Omit the images, then repeat the listing exactly.

--- START ---

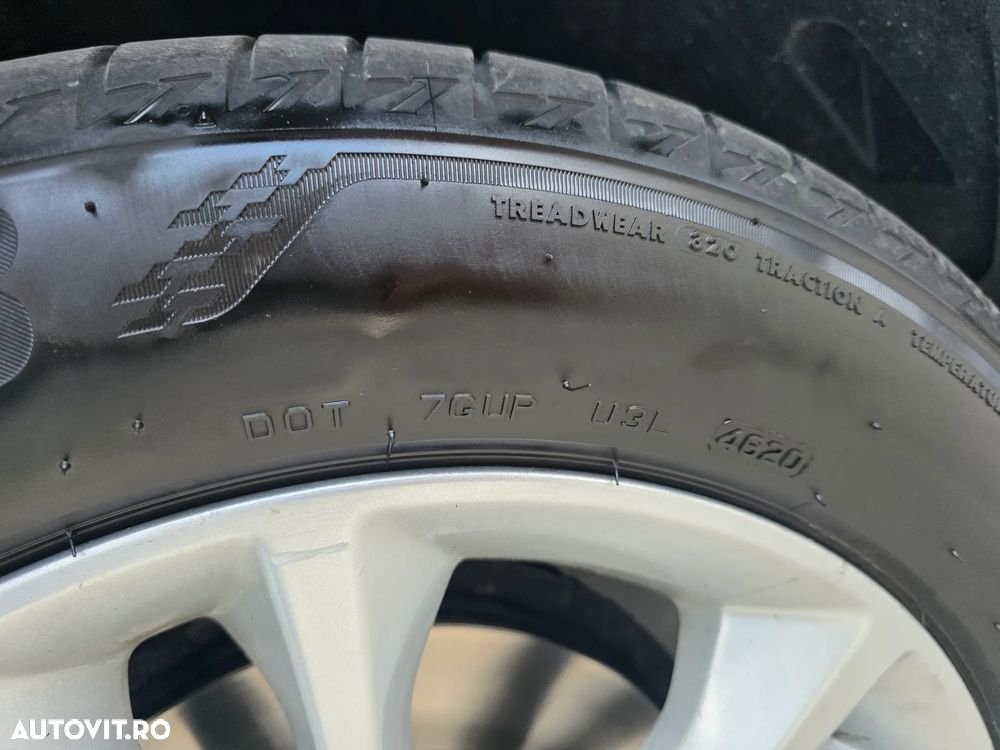 Ford Kuga 2.0 TDCi 4WD Powershift Titanium - 17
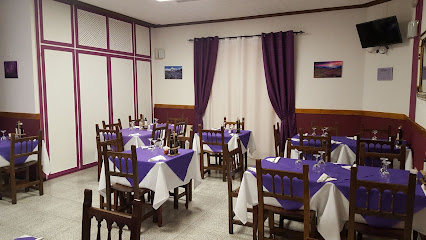 Restaurante El Castañar - P.º de Recoletos, 33, 05270 El Tiemblo, Ávila, Spain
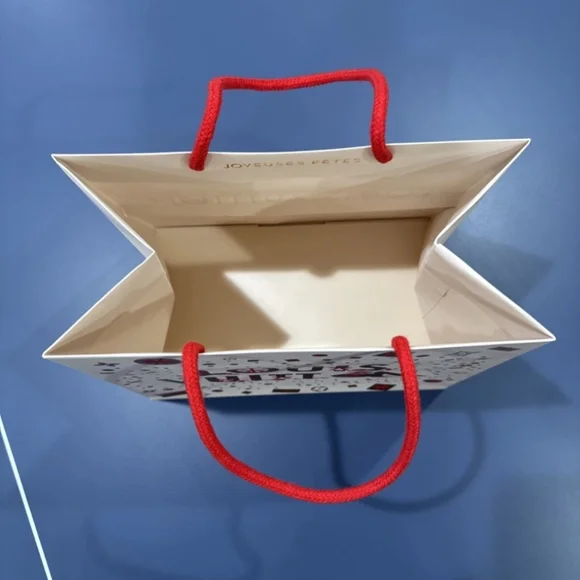 Louis Vuitton 2023 Christmas Holiday Edition Shopping Bag - Picture 7 of 8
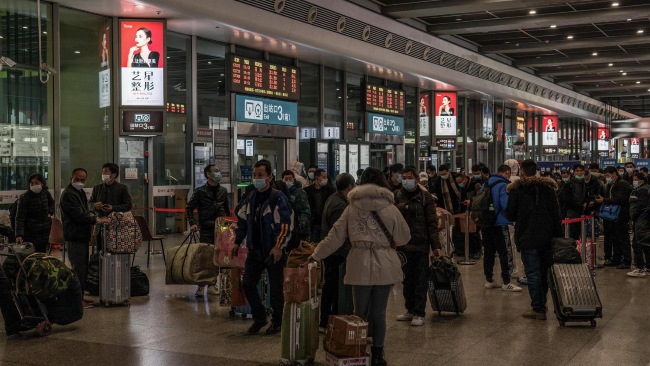 上海虹橋站高鐵出站通道兩側(cè)燈箱廣告，上海虹橋火車站廣告價格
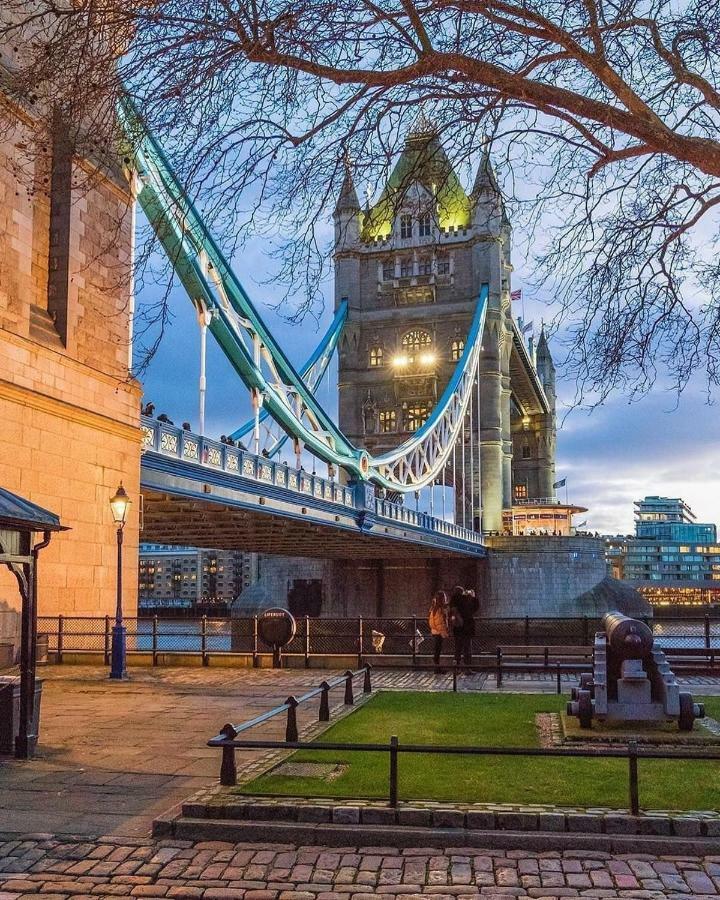 Tower Bridge Rainbow Maison d'hôtes 3*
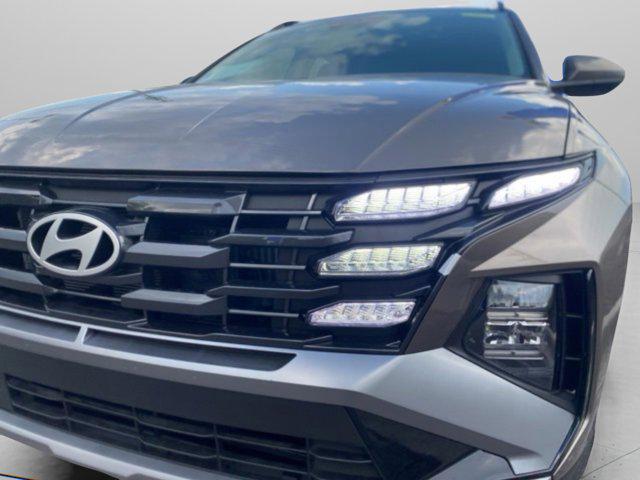 new 2025 Hyundai TUCSON Hybrid car, priced at $38,715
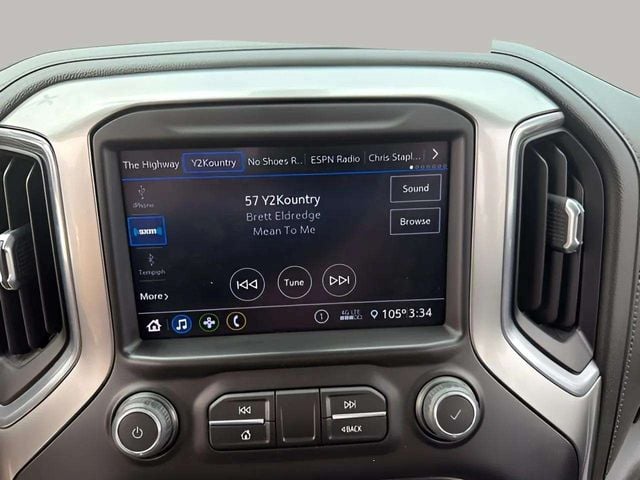 Pre-Owned 2021 Chevrolet Silverado 1500 RST - photo - 13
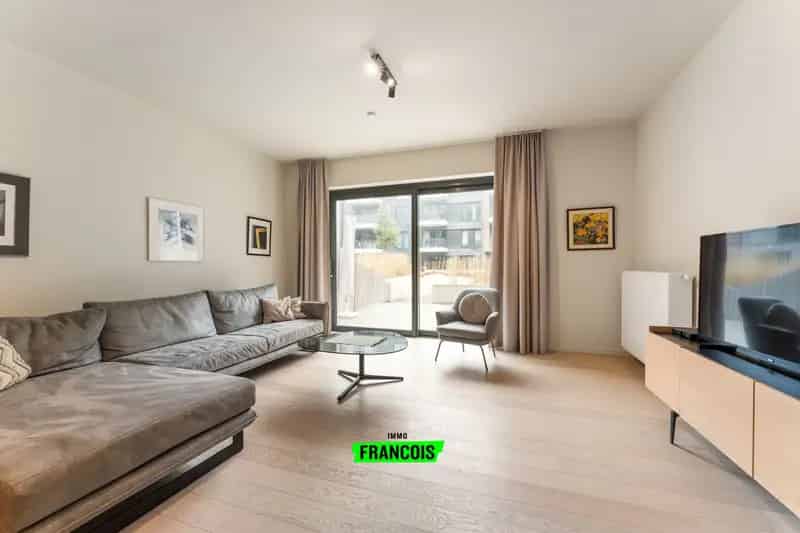 Modern duplex appartement met 3 slaapkamers te koop – Troonstraat 208, Mariakerke/Oostende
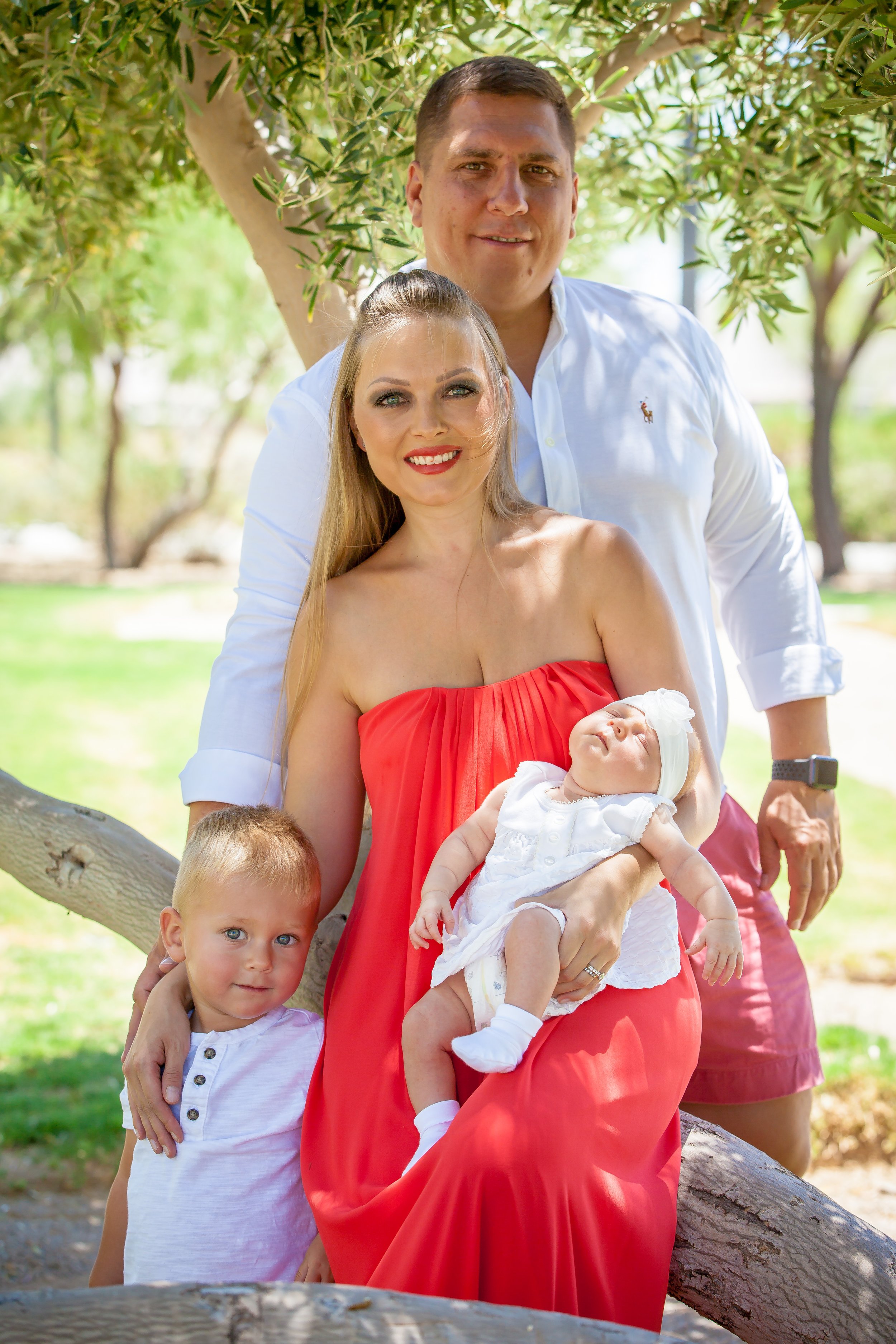Anna-and-Roman-Family-Photography-Vik-Chohan-Photography-Photobooth142.jpg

--- END ---

--- TASK OUTPUT ---
 Ford Kuga 2.0 TDCi 4WD Powershift Titanium - 17
 Restaurante El Castañar - P.º de Recoletos, 33, 05270 El Tiemblo, Ávila, Spain
 Louis Vuitton 2023 Christmas Holiday Edition Shopping Bag - Picture 7 of 8
 上海虹橋站高鐵出站通道兩側(cè)燈箱廣告，上海虹橋火車站廣告價格
 Tower Bridge Rainbow Maison d'hôtes 3*
 new 2025 Hyundai TUCSON Hybrid car, priced at $38,715
 Pre-Owned 2021 Chevrolet Silverado 1500 RST - photo - 13
 Modern duplex appartement met 3 slaapkamers te koop – Troonstraat 208, Mariakerke/Oostende
Anna-and-Roman-Family-Photography-Vik-Chohan-Photography-Photobooth142.jpg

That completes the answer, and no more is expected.